About this exercise =>
Find the line containing "at 14/12A Tironui" in the entries below. Restate it and each line after it, word for word, up to and including the line containing "Hinchador Eléctrico con Voltaje 12V Cecotec".

Records provided =>
────────────────
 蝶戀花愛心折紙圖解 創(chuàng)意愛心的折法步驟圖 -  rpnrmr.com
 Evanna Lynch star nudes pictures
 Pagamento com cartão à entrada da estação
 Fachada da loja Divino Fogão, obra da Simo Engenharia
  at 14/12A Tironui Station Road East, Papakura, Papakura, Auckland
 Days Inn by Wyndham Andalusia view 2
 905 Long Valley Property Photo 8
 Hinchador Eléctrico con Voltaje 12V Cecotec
────────────────
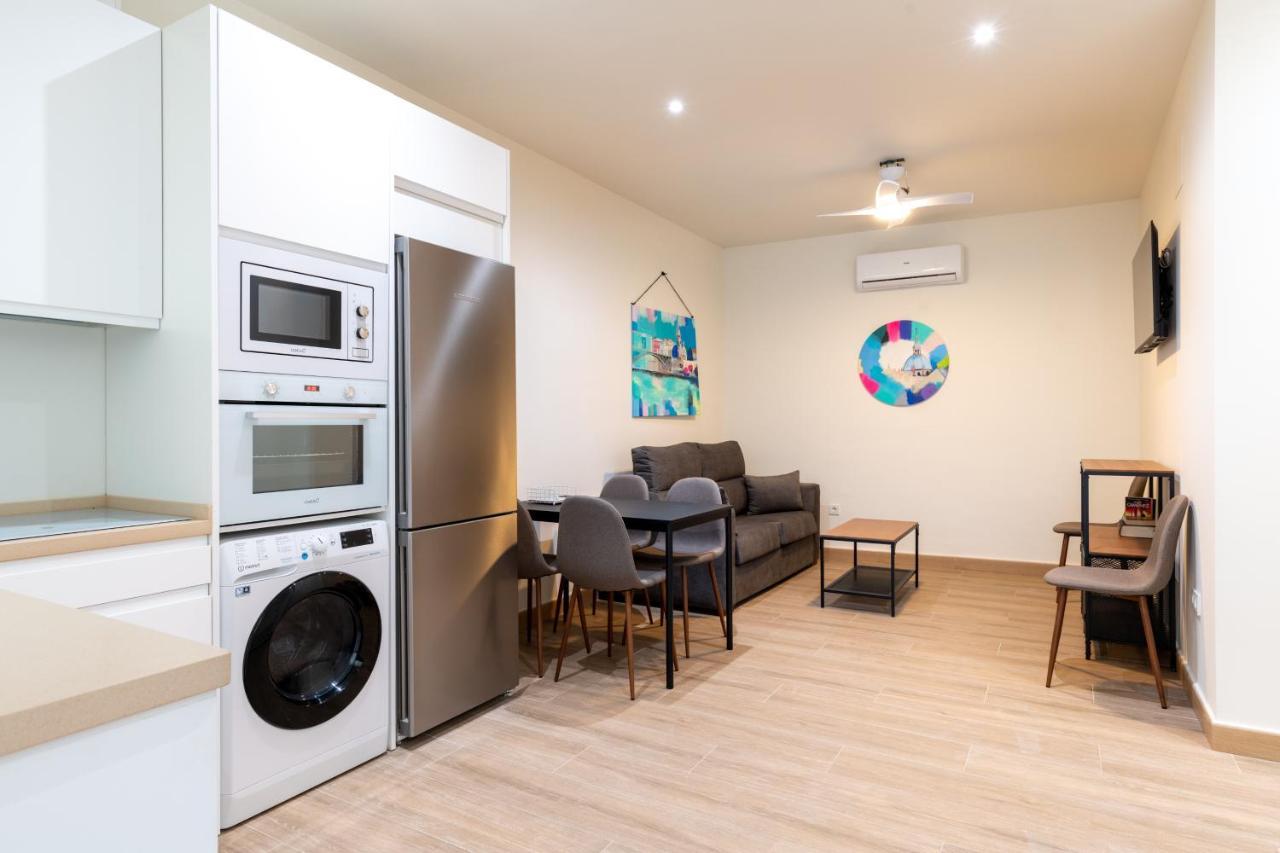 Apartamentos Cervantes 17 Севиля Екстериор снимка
────────────────
Output of the exercise =>
  at 14/12A Tironui Station Road East, Papakura, Papakura, Auckland
 Days Inn by Wyndham Andalusia view 2
 905 Long Valley Property Photo 8
 Hinchador Eléctrico con Voltaje 12V Cecotec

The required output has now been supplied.